Yesterday a relatively small independent oil & gas firm, EPL Oil & Gas Inc. (NYSE: EPL) acquired three Gulf of Mexico fields from privately held HilCorp Energy GOM Holdings LLC for $550 million. EPL’s stock hit a new 52-week high on the acquisition, which is expected to double the company’s production to 20,000 barrels of oil equivalent per day.
Perhaps most interesting is what’s going on with the seller. Hilcorp is the third largest privately held U.S. oil company, behind only Hunt Oil and Koch Industries, and the sale to EPL marks Hilcorp’s final exit from the Gulf of Mexico. The company has turned its attention north, according to The Wall Street Journal — to Alaska.
In a previous transaction with Marathon Oil Corp. (NYSE: MRO) Hilcorp acquired reserves in Alaska’s Cook Inlet and stakes in natural gas storage and pipelines. The company also acquired producing fields in the region from Chevron Corp. (NYSE: CVX). The deal with Marathon is still being reviewed, but if approved Hilcorp will account for 60% to 80% of Alaska’s natural gas market according to the WSJ.
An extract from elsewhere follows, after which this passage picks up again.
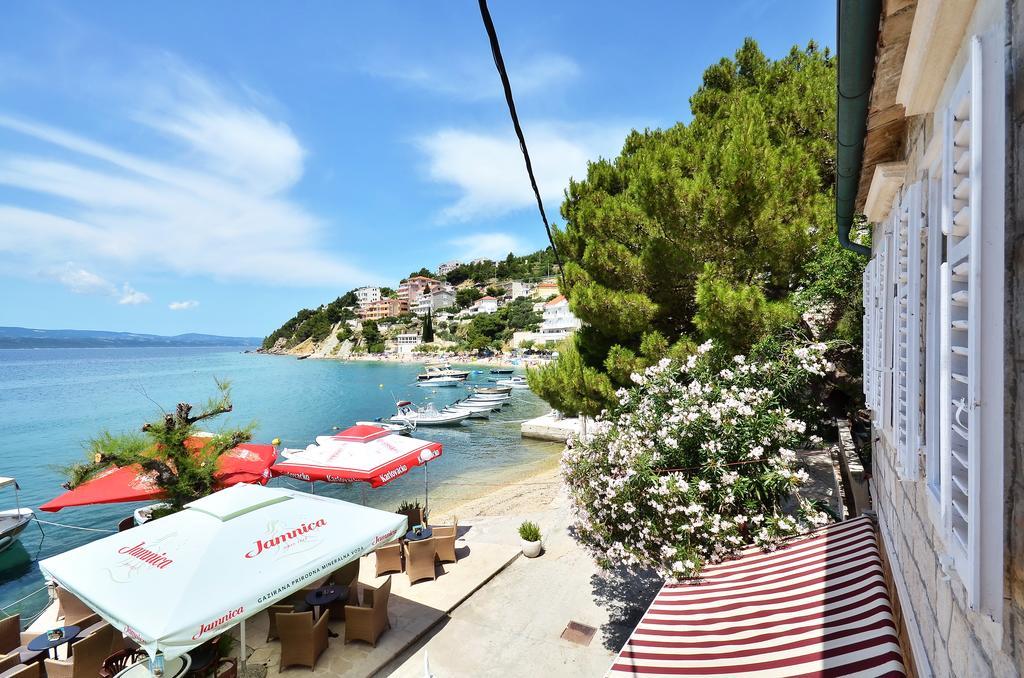 Apartment Pere S Mora Mimice Rom bilde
To pay for all this, the company has hired Bank of Montreal to assist in the sale of Hilcorp’s midstream properties in south Texas worth approximately $2 billion. The WSJ notes that some $5.1 billion in midstream assets have been acquired by private equity firms in the past few months, with a good deal of the buying in south Texas, and that several private equity firms are building war chests to make more midstream investments.
Midstream assets, including gathering systems, processing plants, and distribution companies, offer an attractive regulated rate of return of around 10%. Where else can investors make a guaranteed rate of return like that in this day and age? Midstream and pipeline assets are very valuable today, provided they’re in the right place.
South Texas is one of those “right places.” So are the Utica shale play in eastern Ohio, the Marcellus shale play in the Appalachians, and the Niobrara shale play in Colorado, Nebraska, and Wyoming. These are the up-and-comers and investments in midstream and pipeline assets serving these fields are attracting a lot of attention.